At Circular Quay, just across the water from where unwanted white men and women fixed the city with unsavoury origins 205 years ago, the people rejoiced at being wanted by the world.
At 4.20 am, with the black harbour floating in air and the city sprinkled on the surface north and south, the International Olympic Committee on the other side of the Earth announced that Sydney would host the Olympic Games of 2000.
This city of such a grim past would splash itself across the future at the beginnings of the new millennium. For a few minutes on the morning of this September night fireworks splashed across the harbour, lighting up the dark edges of the city.

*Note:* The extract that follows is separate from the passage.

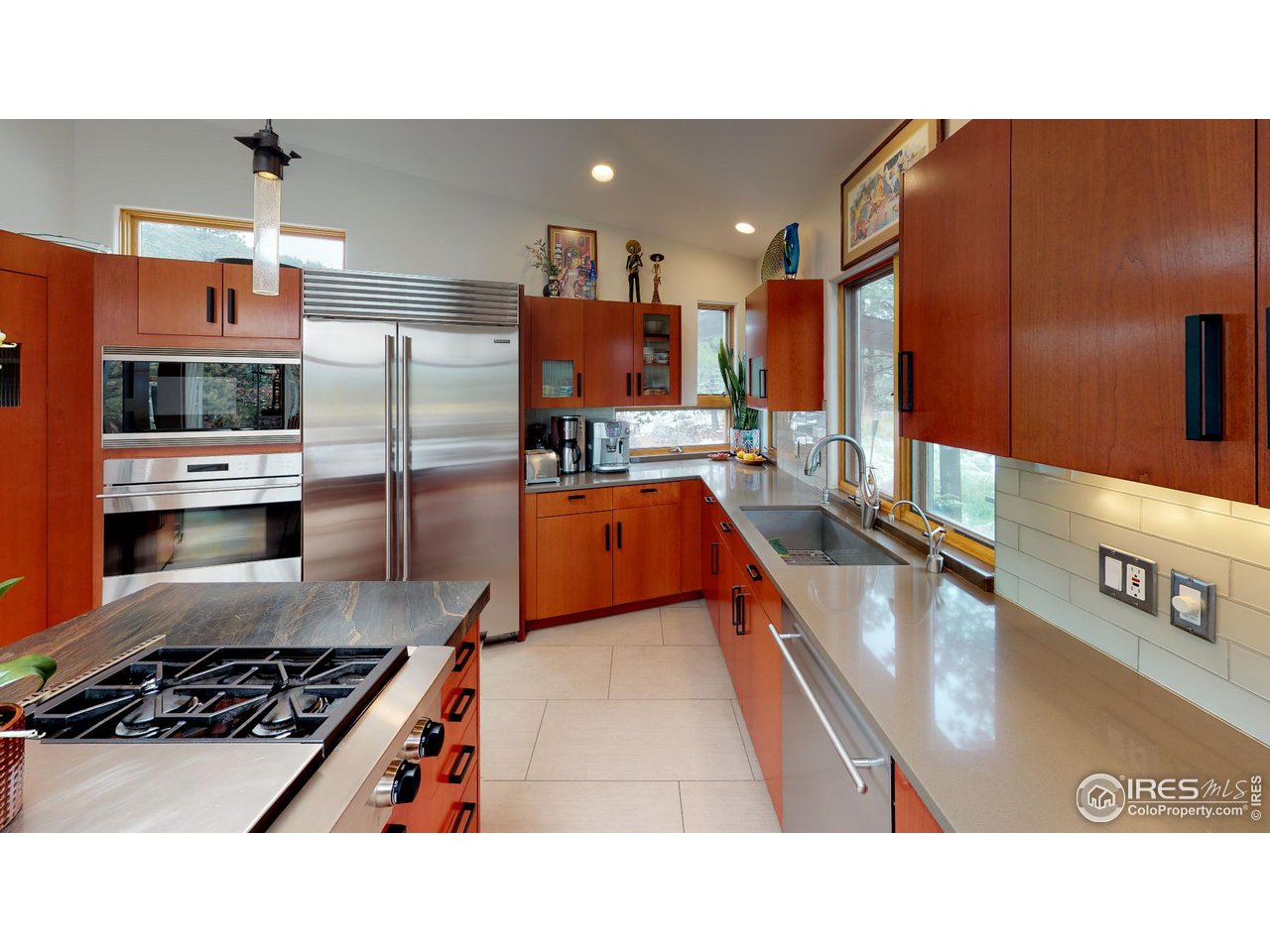 141 Poorman Road Boulder, CO 80302 - Photo 8 of 40 Gourmet chef's kitchen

The people at the Quay, at Homebush where much of the sport will take place, and in other parts of Sydney, celebrated with boisterous, unashamed hedonism, with exuberance and blithe spirits.
Theirs had been the longest night. They had waited for Juan Antonio Samaranch’s statement with butterflies or bemusement.
Most would go to work after the party, some from offices where they slept briefly, others from house parties or pubs and clubs that stayed open most of the night.
They would join more phlegmatic Australians who are wary of noisy displays of nationalism and know that the Games cannot solve the nation’s problems. Too many in these tough times had already touched fool’s gold.
The full reckoning will come later, in the seven-year-long run-up to the Games and after, when Australians discover what the fame has done to their city.
Can the Games restore confidence to the nation? Only Los Angeles, where the Games were held in 1984, appears to have been overwhelmingly satisfied with its Olympics. Only Los Angeles has made a clear profit.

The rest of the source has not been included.